Sources indicate the results of this offer were uneven to say the least — many invitees across the political spectrum regarded this as something like an invitation to attend Dowd’s candle party. Everybody somehow had something better to do that week than to sit on the floor and learn about “benchmarking.”
However, sometimes there seems to be a method to Dowd’s inimitable madness.
When he was last in the news (aside from his bike-and-pedestrian initiative), he had elected to fund the city’s long-delayed race and gender equity disparity study by using up old rollover funds available to the Council itself — instead of mandating that the relevant administrative departments pay for it like normal. Some accused Dowd of inventing bogus principals to suit his political machinations.
Dowd defended his insistence on how to fund the program with reference to the pledges to make the city budget more efficient, and services more affordable. He told the Comet that though the Council had certain obscure funds to which it was clinging for a rainy day, many other city departments and offices are hoarding pockets of cash as well.
By burning through the Council’s stash, he insisted, Council then gains the moral authority to start going after all this squirrelled away money — which inflates, or as we like to say, “carbonates” the city budget. The impression we received from Dowd was that we were talking serious money.
We asked whether it was a good idea for these offices and departments to store away cash for a rainy day or what have you, and Dowd replied, “No! That’s where fiefdoms come from!” He then extended his point to accountability — and before you knew it we were sold. Provided that Dowd and the Council followed through on the deal and started pursuing these forgotten funds within administrative departments.
When will that come? Later.
Lots of things that may involve respectful confrontation with the Mayor, especially among the Council’s “middle” wing (to which Patrick Dowd is the most obvious party) seem to be scheduled for an ephemeral “later”, which will likely be sometime mid-next year. At one time, as another example, Dowd was tangling with the URA pretty heatedly over access to its budget and allocation of the vast amounts of grant money available to it. This is an explosive issue beneath the surface, with potentially far greater impact on city neighborhoods than reconnoitering street signs.
This desire to hold off on the tough stuff until just a little bit “later” could be a reflection of new council members’ natural desire to defer poking bears with sticks until a time just over the horizon — just a little bit longer — after they grow more comfortable, after the politics improve, after it becomes safe. Such things could be infinitely deferred, we suppose.
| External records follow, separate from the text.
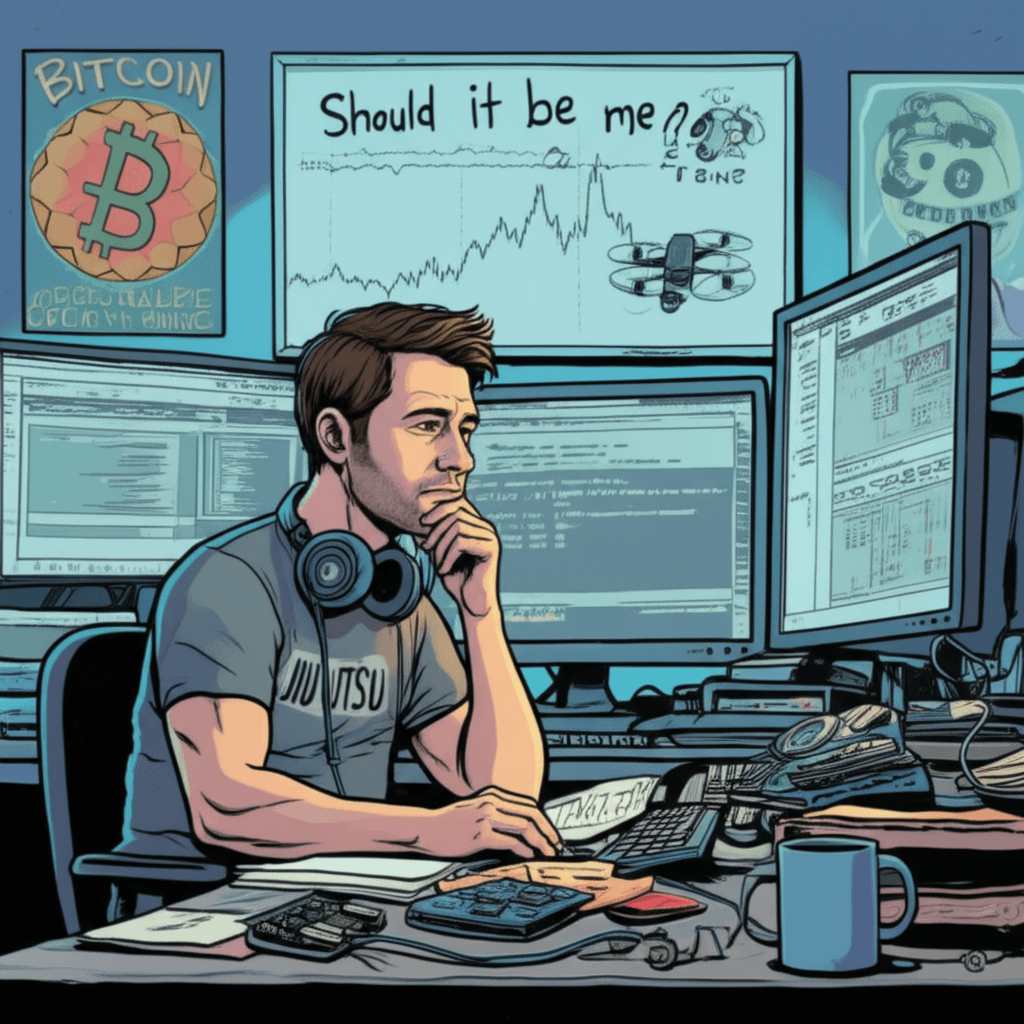 Builder contemplating the blockchain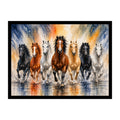 Aatman ARTHaus – Seven Horses Premium Museum-Style Canvas Wall Painting (24 x 32 Inch)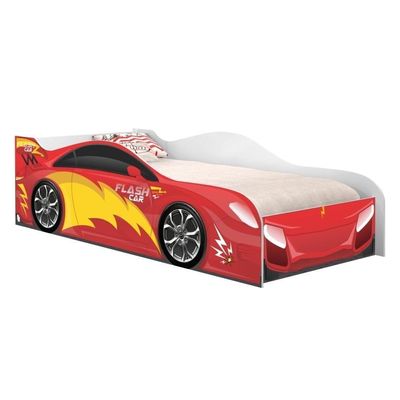 Cama Carro Menino Vermelho Solteiro Com Colchão
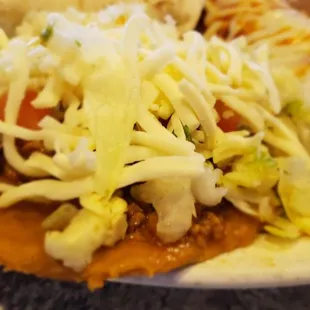 Ground beef tostada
Then again, the political map may change once again this spring. Seats held by council members Deasy, Motznik, Payne and Peduto are up for re-election. This is a favorable spread for those who might wish to
disrupt have a more pro-active impact upon the Mayor’s agenda.
Councilman Dowd would have his own unique preferences in these contests — or not — but regardless of the outcome, we’re fairly certain he would canter right over to the “new” center and set up shop. If that new center turns out to be a less guerrilla position — one capable of garnering six votes and overriding vetoes as necessary — so much the more interesting.
In the meanwhile, he’ll continue lording those pledges over everybody — and he’ll continue finding a way to rack up a vast record of prosaic accomplishments. And although he’ll choose his battles with excruciating care, when he does go to battle he’ll likely continue to be hard to deny.